NIL prep for schools ‘like building an airplane when you’re flying”

NIL prep for schools ‘like building an airplane when you’re flying”

Stephanie Rempe and a small group of staff members at LSU have spent several hours each day in June diving down a seemingly endless series of rabbit holes.

Rempe, who serves as the executive deputy director of athletics/chief operating officer of the LSU athletic department, pieced together a task force more than a year ago to prepare the Tigers for what she believes will be the most transformative change to hit college sports since Title IX arrived nearly a half century ago. Starting this Thursday, NCAA athletes will be allowed to make money by selling the rights to their names, images and likenesses (NIL).

For now, a mixture of state laws and NCAA guidelines is expected to provide a rough outline for what kind of money-making ventures will be allowed and what kind of products athletes can endorse.

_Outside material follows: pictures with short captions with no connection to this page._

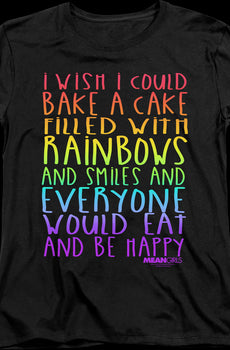 Womens Mean Girls Cake Filled With Rainbows Shirt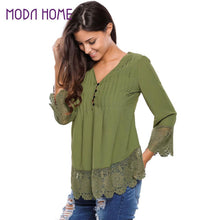 chemise femme v neck floral lace shirt women tops office shirt ladies crochet blouse blusas femininas TIML66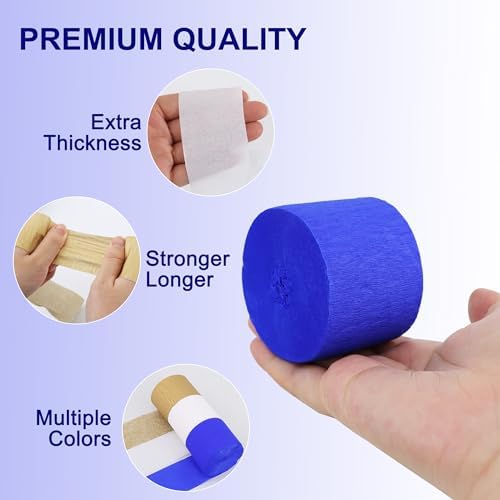BEISHIDA 6 Rolls Blue Gold White Crepe Paper Streamers for Graduation Retirement Prom Anniversary Bridal Shower Men Birthday Celebration Party Decorations, piñatas DIY Craft Paper (492 Ft)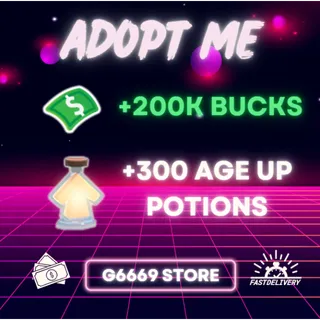 +200K Bucks +300 Age-up Potions - Adopt Me Account 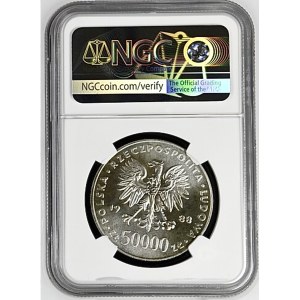 50,000 zlotys, 1988, Józef Piłsudski, NGC MS 68, 2nd highest grade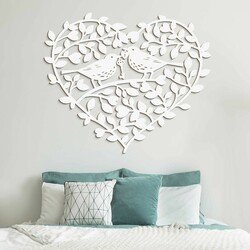 Wooden Wall Sticker - 2 Birds | White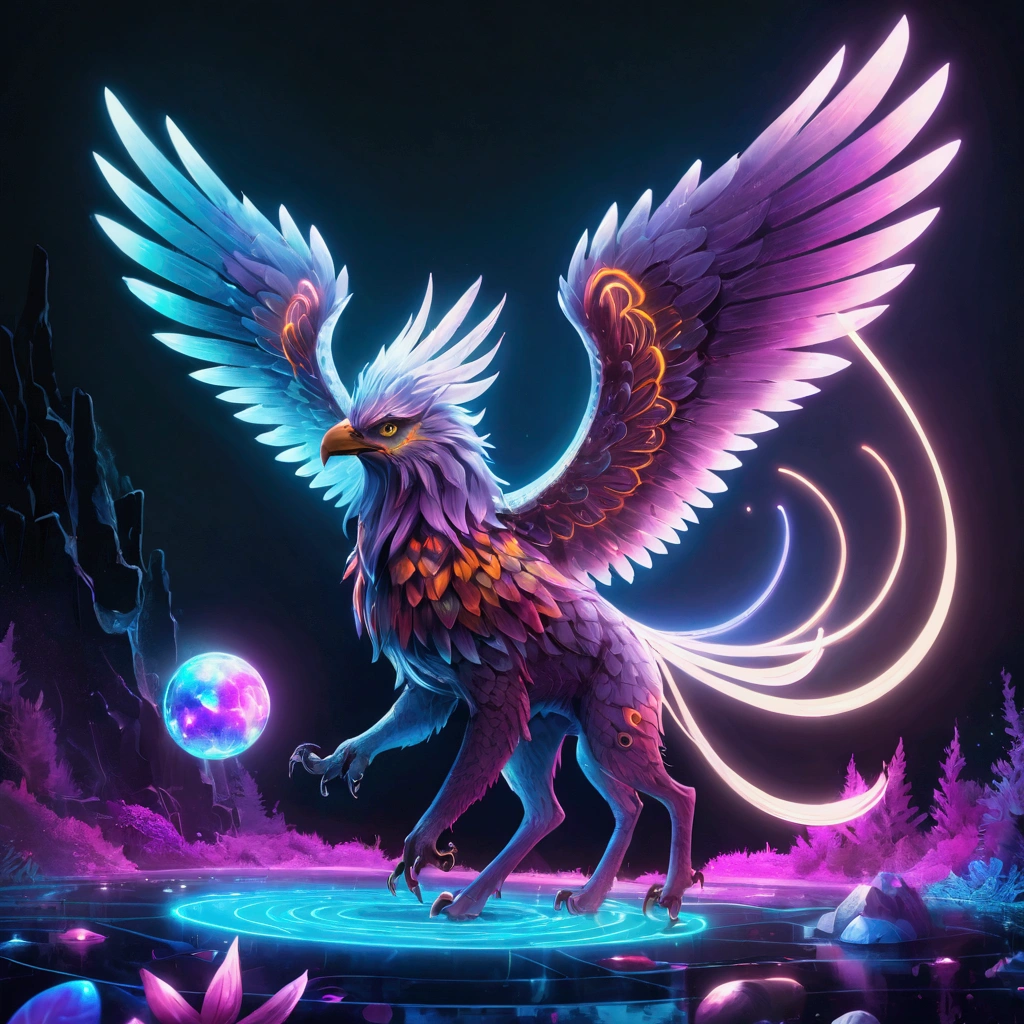 a fierce griffon,(best quality,4K,8K,high resolution,masterpiece:1.2),Extremely detailed, [Vibrant colors], [Psychedelic pattern], [Glittering texture], [Abstract shapes], [unique design], [Fascinating light], [Creative Composition], [Playful elements], [Dreamy atmosphere], [ArtisticExpressions], [Fantasy surrealism], [Vibrant movement], [Futuristic Aesthetics], [Magical charm], [Bold and energetic], [Psychedelic atmosphere], [Neon lights], [Compromise], [Ethereal Beauty], [An otherworldly experience], [Whimsical touch], [sensory overload], [mind-bending fantasy], [Electricity], [Hypnotic vision], [Mysterious nature], [Imaginative footwear], [Eye-Catching Details], [Dynamic comparison], [Psychedelic color palette], [exquisite craft], [Appealing visuals], [Fascinating perspective], [Unconventional design], [Thinking expansion], [Unforgettable shock].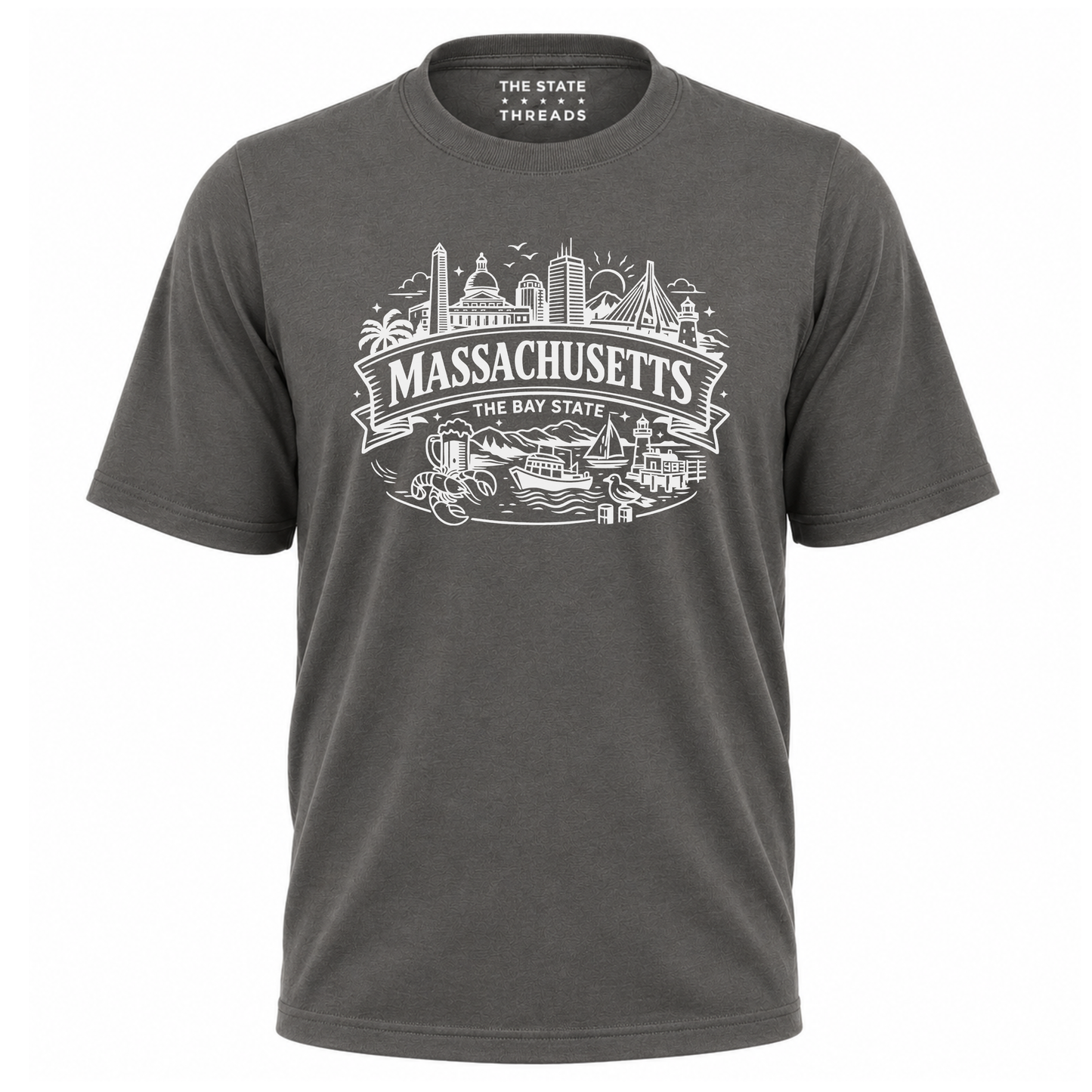 Massachusetts Bay State Boston Skyline Coastal Travel Shirt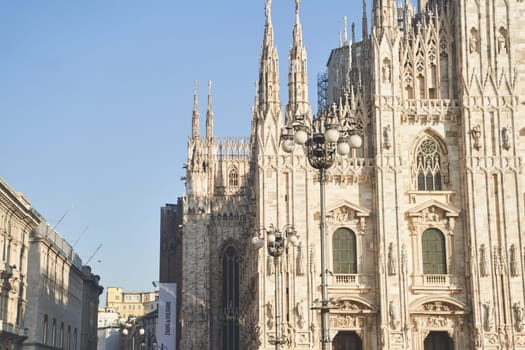 Milan, Italy - February 15, 2023: Milan Cathedral in Piazza Duomo during the day, Milan. Cathedral of the Duomo.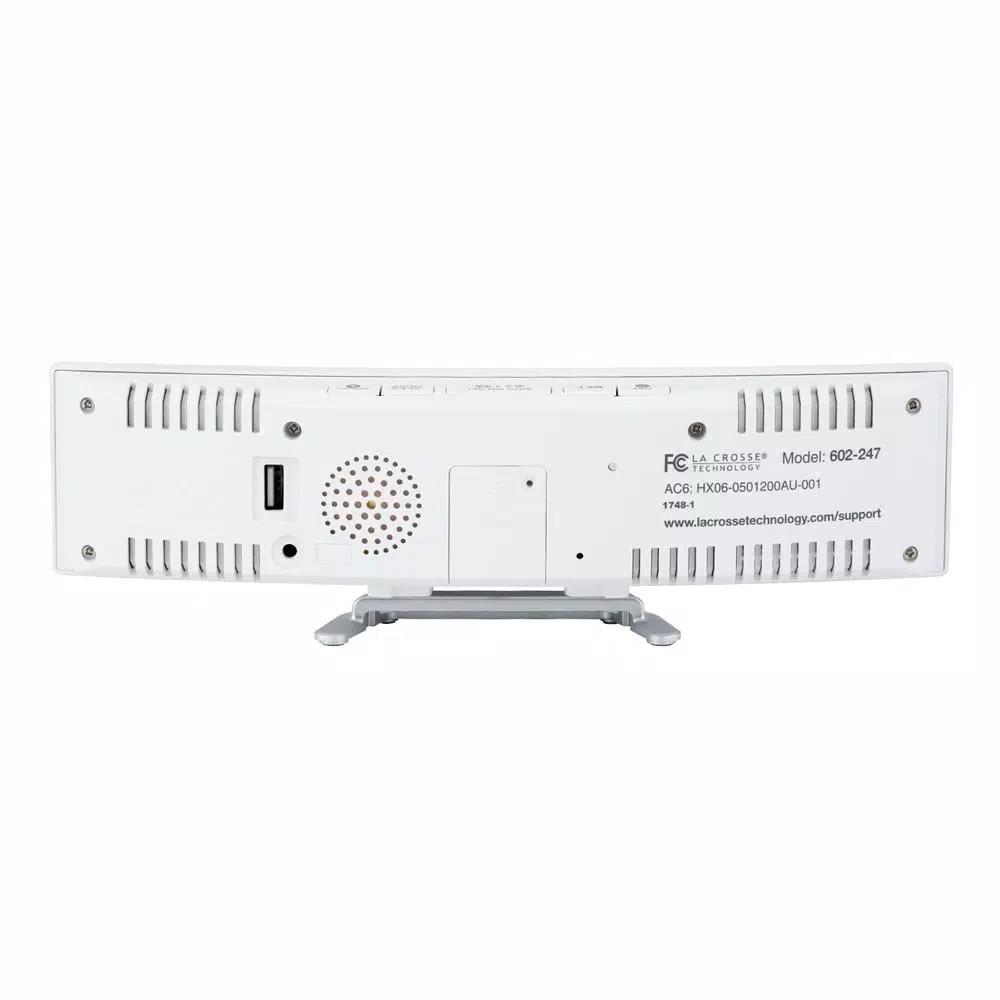 La Crosse Technology White Curved Digital Alarm Clock with Mirrored LED Display, Temperature, Humidity, and USB Charging Port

At least seven states will have NIL laws go into effect starting on July 1. Schools located in states without a law on the books will likely be required to form their own policies for athletes based on a short list of requirements from NCAA leadership, according to a proposed rule change that is being reviewed by the Division I Council in a meeting Monday afternoon.

The loose framework provided in the NCAA proposal and in some of the state laws creates ample gray area, and leaves it largely up to individual schools to make determinations on specific deals that fall in that questionable range. Thus the rabbit holes, which have spiraled and collided inside LSU’s meetings for the past several weeks as Rempe and her team try to sort through an endless stream of hypothetical situations in order to craft a policy that can turn that gray area into black-and-white answers for their athletes. Despite their best efforts, Rempe knows there will be plenty of unanticipated situations that don’t come with an easy answer.

“It’s like building an airplane when you’re flying,” she told ESPN last week. “That’s what we’re doing.”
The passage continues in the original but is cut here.